YOUR INSTRUCTIONS:
Print only the lines from the top of the data through the line with "Hey, it's Clay", both included, skipping every picture.
GIVEN DATA START
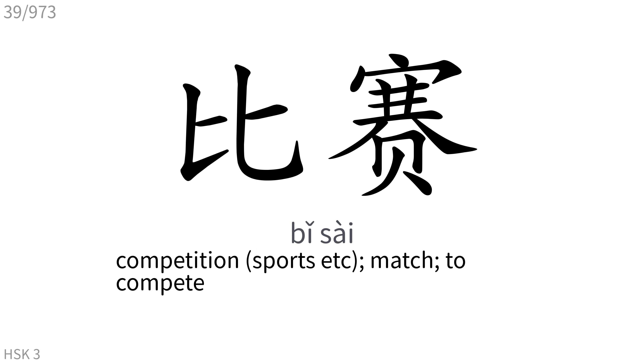比赛: Competition, sports match. To compete.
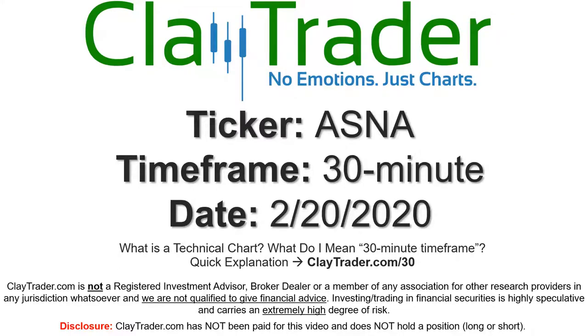Hey, it's Clay and this will be a video chart on ticker symbol ASNA. We will take a look at the 30 minute time frame.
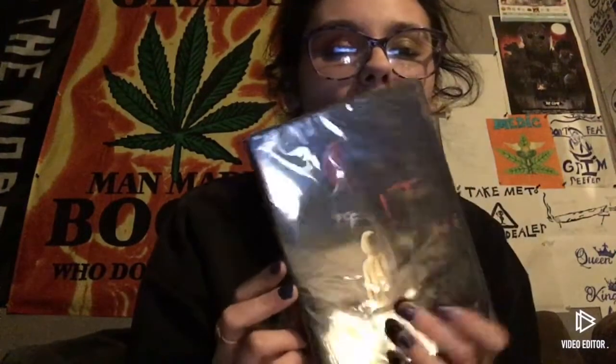I also got the 7-film collection of Saw, It Chapter 1, It Chapter 2, Orphan, and all 6 Paranormal Activities.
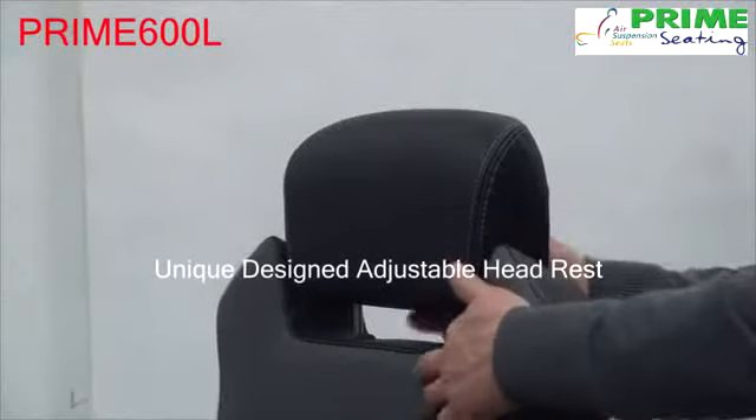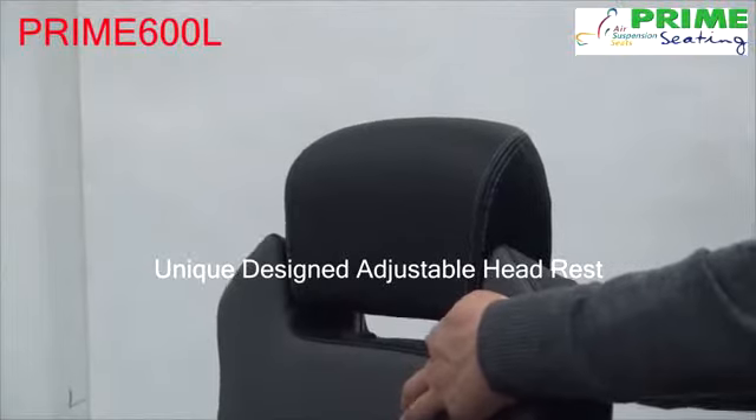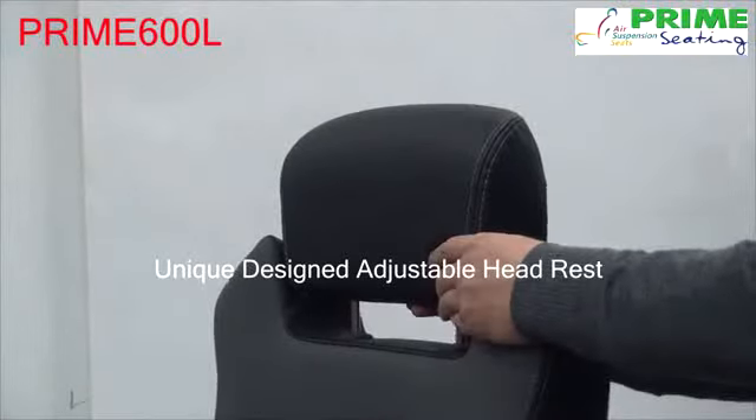All Prime 600L models come with a uniquely designed two-way headrest. It includes height adjustment as well as incremental fore and aft support.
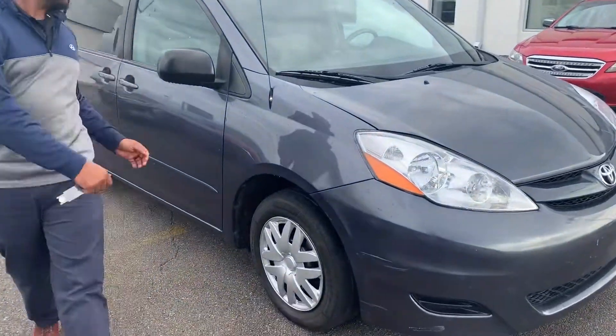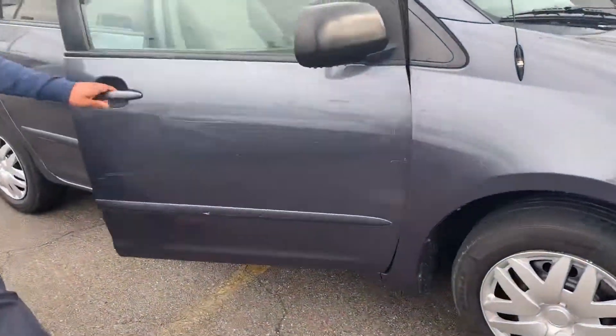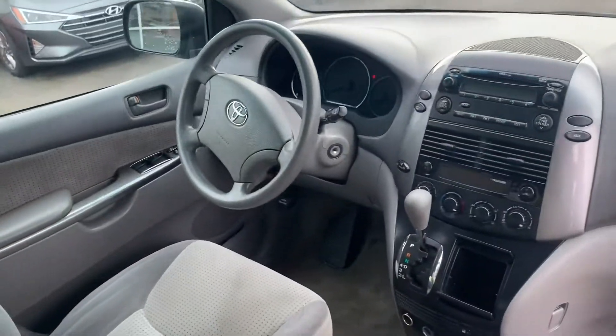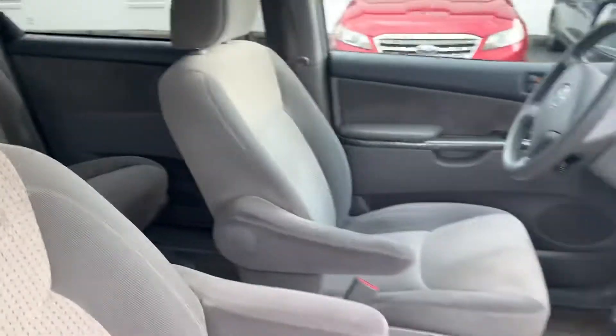Follow me, come inside and take a look at the inside of it. For a 2007, you can see it's very well-maintained and kept. They have your power windows, power locking as well. Very nice. Toyota brands go on forever.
GIVEN DATA END
YOUR RESPONSE:
比赛: Competition, sports match. To compete.
Hey, it's Clay and this will be a video chart on ticker symbol ASNA. We will take a look at the 30 minute time frame.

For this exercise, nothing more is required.